Thank you for that part as well.
Another student also recognized that dimensional inconsistency, and has asked the professor, but is still waiting for a response.

## 1. What is the wave equation?

The wave equation is a mathematical formula that describes the behavior of waves. It is used to calculate the properties of different types of waves, such as sound waves, light waves, and water waves.

## 2. What is damping in relation to waves?

Damping is the gradual decrease in the amplitude of a wave over time. It is caused by the dissipation of energy due to factors such as friction and resistance. Damping can affect the intensity and speed of a wave's movement.

## 3. How is phase velocity related to wave speed?

Phase velocity is the speed at which a specific phase of a wave, such as the crest or trough, moves through a medium. It is related to wave speed, which is the speed at which the entire wave moves, by the formula phase velocity = wave speed / wavelength.

## 4. What factors affect the phase velocity of a wave?
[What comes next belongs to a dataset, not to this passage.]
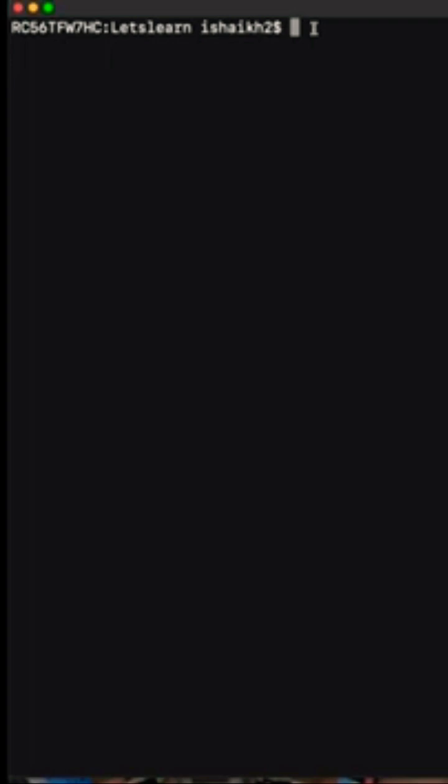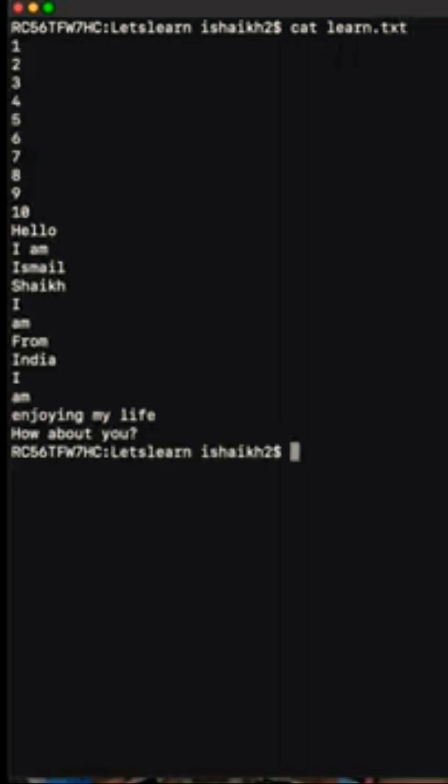So let's check out how we can do that. I've already created a learn.txt file. Let's cat that first. I'm going to pull up the records of this particular file that I've already created.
The phase velocity of a wave is affected by the properties of the medium through which it is traveling, such as density and elasticity. It is also influenced by the frequency and wavelength of the wave.

## 5. How is the wave equation used in real-world applications?

The wave equation is used in a variety of fields, including physics, engineering, and telecommunications. It is used to study and predict the behavior of waves in different mediums, and is essential for understanding and developing technologies such as fiber optics and seismic imaging.